Tender Morsels by Margo Lanagan

Tender Morsels


Margo Lanagan


SUMMARY: Liga has undergone cruelty and tragedy nearly beyond imagination during her fifteen years on earth. When she wanders into the forest in complete desperation and despair, Liga is transported by natural magic into a separate world—a world built of her heart’s desire. So Liga raises her daughters Branza and Urdda in her personal heaven, a world free of the unkindness and violence Liga has experienced. However, their heavenly world is not impenetrable; greedy intruders and strange bears break into their gentle haven. Urdda’s curiosity causes her to push at the boundaries of their idyllic life while Branza’s growth into womanhood is disturbed by these unpleasant other worldly encounters. Meanwhile, even Liga herself begins to feel an occasional loneliness within her heaven. When these women find themselves tumbling out of this heavenly world and back into the imperfect reality of Liga’s nightmares, they must learn to survive in the real world, where horror and beauty might lie side by side.


ONESMARTCUPCAKE THINKS: I heard a great deal about this book over the last year and after having it on my ‘to read’ list for a few months, I finally got a chance to read it. My reactions were somewhat mixed but to be totally honest, that could be due to the haphazard way in which I read it. I read it during the first week of my very hectic summer job as a counselor/librarian at an ESL summer camp run at an independent high school. The first week was especially crazy so I would squeeze some reading in before bed and my sleepiness would occasionally result in confusion. So after that likely too full disclosure, I will try to sum up my reactions to Tender Morsels.


Based in the Grimm fairy-tale “Snow-White and Rose-Red,” Tender Morsels attempts to flesh out and complicate this original story with vividly lush and dark details. In the true spirit of the Brothers Grimm, Lanagan has chosen to use her story to explore the shadowy sides of human nature and the way in which cruelty can fit so closely alongside beauty in the human world.

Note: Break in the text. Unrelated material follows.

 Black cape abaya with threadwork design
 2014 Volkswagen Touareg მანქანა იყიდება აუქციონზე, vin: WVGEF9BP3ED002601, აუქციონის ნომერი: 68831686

In total, I found this book to be a lovely and thoughtful narrative that managed to deal with some sensitive issues and harsh realities with skill.


Lanagan manages use the fairy-tale setting to address issues that remain current. She frankly but sensitively portrays incest, sexual and physical abuse, and gang rape within the first few chapters alone. Liga is well-drawn character; her reactions to her father’s long-term abuse and the attack by the town boys are as complex and confused as any expressed in an actual survivor’s memoir. Lanagan has not attempted to analyze Liga but rather has recorded her emotional and mental progress with precision and poignancy.


The shifting of narrators is gently done; occasionally it is so subtle as to be confusing (at least to my sleep-deprived mind!). I also found Liga’s transportation into her ‘heaven’ quite confusing the first time I read it but then that I can credit to the character’s own confusion and lack of understanding. However, I also felt that some character introductions were a bit too sudden; the greedy ‘wee-man’ who is magicked into their haven, for example, jumped into the narrative and his interests and role remained unclear to me for several sections of the piece.


Above all, however, I found this book to be very powerful. The events portrayed can be quite violent, disturbing, and brutal and although the book retains a sense of hope throughout, it is definitely a dark book that deals frankly with some very difficult subjects. However, Lanagan’s writing is lovely and the piece possesses a haunting clarity of the emotional aspects of interactions and scenes. She manages to recreate a variety of viewpoints, both male and female, with equal authenticity. Although this novel would be qualified as fantasy, the issues and emotions it represents directly speak to humans all over the world today.